▶ **Task to complete**
From the data below, tally each line that has "Floral" in it, then give that tally without comment.

Input records: Begin

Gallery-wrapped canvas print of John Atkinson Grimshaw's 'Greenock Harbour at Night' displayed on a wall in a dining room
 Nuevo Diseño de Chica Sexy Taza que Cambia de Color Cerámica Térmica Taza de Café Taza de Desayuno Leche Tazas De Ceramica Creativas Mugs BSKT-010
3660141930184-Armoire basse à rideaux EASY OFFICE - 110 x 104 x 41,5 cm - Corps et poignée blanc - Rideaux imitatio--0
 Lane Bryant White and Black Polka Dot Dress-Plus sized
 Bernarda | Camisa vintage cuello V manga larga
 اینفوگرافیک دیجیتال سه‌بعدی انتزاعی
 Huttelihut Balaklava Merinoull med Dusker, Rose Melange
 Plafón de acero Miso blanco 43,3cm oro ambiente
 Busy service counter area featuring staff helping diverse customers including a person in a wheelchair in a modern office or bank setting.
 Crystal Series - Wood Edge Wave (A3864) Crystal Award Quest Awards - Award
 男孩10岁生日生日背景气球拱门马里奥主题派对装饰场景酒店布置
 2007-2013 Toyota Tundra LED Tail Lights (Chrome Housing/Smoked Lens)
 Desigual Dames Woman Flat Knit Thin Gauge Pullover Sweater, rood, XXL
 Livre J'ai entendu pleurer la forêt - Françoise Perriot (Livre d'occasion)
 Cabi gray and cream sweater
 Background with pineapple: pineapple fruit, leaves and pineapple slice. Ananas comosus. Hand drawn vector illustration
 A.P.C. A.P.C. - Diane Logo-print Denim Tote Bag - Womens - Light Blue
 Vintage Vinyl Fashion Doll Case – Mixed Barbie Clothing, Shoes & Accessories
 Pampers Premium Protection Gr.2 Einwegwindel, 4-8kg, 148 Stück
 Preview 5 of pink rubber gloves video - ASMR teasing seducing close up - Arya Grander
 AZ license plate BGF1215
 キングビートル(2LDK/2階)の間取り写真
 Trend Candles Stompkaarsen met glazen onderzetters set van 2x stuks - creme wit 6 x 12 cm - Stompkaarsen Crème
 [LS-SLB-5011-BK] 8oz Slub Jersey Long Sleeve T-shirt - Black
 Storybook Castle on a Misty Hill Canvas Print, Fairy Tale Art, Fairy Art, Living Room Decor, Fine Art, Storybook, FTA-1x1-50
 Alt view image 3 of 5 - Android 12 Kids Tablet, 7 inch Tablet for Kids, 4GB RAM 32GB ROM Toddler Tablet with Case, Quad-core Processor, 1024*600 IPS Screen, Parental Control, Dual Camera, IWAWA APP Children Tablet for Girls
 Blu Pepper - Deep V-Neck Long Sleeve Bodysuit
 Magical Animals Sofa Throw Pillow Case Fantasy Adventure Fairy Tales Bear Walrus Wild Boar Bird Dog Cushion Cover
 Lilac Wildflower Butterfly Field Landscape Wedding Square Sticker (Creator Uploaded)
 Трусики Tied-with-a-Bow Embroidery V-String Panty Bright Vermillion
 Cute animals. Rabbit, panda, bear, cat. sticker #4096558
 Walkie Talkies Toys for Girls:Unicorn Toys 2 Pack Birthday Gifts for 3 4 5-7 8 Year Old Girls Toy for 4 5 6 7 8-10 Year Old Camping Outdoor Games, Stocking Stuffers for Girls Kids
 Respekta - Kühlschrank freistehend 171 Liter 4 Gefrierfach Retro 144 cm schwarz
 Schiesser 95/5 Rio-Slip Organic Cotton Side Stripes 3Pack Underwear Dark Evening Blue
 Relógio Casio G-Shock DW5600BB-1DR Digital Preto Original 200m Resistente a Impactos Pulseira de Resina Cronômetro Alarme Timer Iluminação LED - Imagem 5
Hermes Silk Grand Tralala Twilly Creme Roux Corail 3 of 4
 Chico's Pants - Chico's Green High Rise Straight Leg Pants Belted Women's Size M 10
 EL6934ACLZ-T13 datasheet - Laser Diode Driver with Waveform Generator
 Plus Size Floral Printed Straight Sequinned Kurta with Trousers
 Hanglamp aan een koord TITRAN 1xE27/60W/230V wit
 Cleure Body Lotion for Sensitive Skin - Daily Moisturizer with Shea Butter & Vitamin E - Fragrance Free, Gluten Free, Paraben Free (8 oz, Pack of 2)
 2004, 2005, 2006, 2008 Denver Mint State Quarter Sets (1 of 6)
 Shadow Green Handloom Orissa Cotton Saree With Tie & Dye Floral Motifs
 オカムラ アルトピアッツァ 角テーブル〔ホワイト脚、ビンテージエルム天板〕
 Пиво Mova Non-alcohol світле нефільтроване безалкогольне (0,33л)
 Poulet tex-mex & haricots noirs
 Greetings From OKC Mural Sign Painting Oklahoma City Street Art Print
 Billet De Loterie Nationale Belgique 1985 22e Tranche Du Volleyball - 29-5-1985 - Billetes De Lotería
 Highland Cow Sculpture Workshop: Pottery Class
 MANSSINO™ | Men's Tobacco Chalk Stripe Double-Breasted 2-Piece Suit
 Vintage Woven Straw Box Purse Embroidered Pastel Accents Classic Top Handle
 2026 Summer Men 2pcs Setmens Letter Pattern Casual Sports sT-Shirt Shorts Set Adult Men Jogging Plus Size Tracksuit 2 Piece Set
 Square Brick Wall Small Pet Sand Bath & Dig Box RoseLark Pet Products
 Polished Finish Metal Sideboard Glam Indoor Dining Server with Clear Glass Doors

Input records: End

▶ **Solution for this problem**
2